The Pradhan is the directly elected head of the Gram Panchayat and, in popular imagination, the face of the village. Yet the office sits inside a tightly drawn statutory cage: the U.P. Panchayat Raj Act, 1947 prescribes exactly how the Pradhan is chosen, how the Up-Pradhan (now abolished) was chosen, and how either may be ejected before the five-year term runs out. Removal travels by two distinct roads — a no-confidence motion under Section 14 driven by the Panchayat's own members, and a State-initiated removal for misconduct under Section 95. This note maps the election machinery, the no-confidence procedure with its two-year and one-year time bars, the 2007 amendment that swept away the Up-Pradhan, and the case law that polices both routes, anchored by Ram Beti v. District Panchayat Rajadhikari (1998).

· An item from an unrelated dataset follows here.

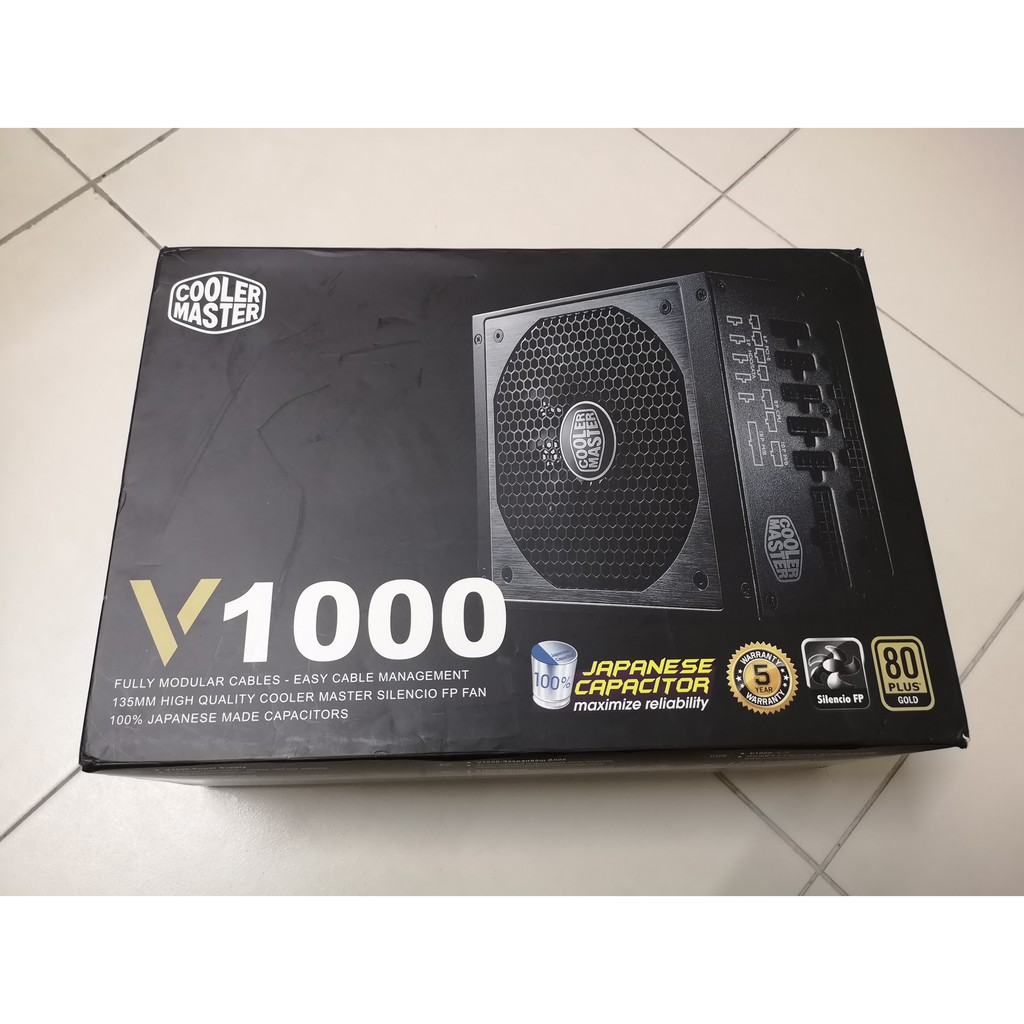 COOLER MASTER CM V1000 1000W 80 PLUS GOLD POWER SUPPLY RSA00-AFBAG1-UK ...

The office of Pradhan (Section 11-A)
Every Gram Panchayat in Uttar Pradesh has a Pradhan who is its Chairperson, the office being created by Section 11-A of the 1947 Act. The Pradhan is not a mere presiding officer: as head of the village executive he convenes and chairs meetings, supervises the Panchayat's administration and is the public face of rural self-government. The office is itself woven into the constitutional reservation scheme. Section 11-A, mirroring Article 243-D of the Constitution, requires that offices of Pradhan be reserved for Scheduled Castes, Scheduled Tribes and backward classes in proportion to their population in the State, that backward-class reservation not exceed twenty-seven per cent of the total Pradhan offices, and that not less than one-third of all Pradhan offices (including within each reserved class) be reserved for women, with reserved offices rotated among Gram Panchayats in the prescribed order. The structural place of the Pradhan within the wider three-tier design is examined in our note on the constitution of the Gram, Kshettra and Zila Panchayats, and the constitutional foundation in our introduction and constitutional background.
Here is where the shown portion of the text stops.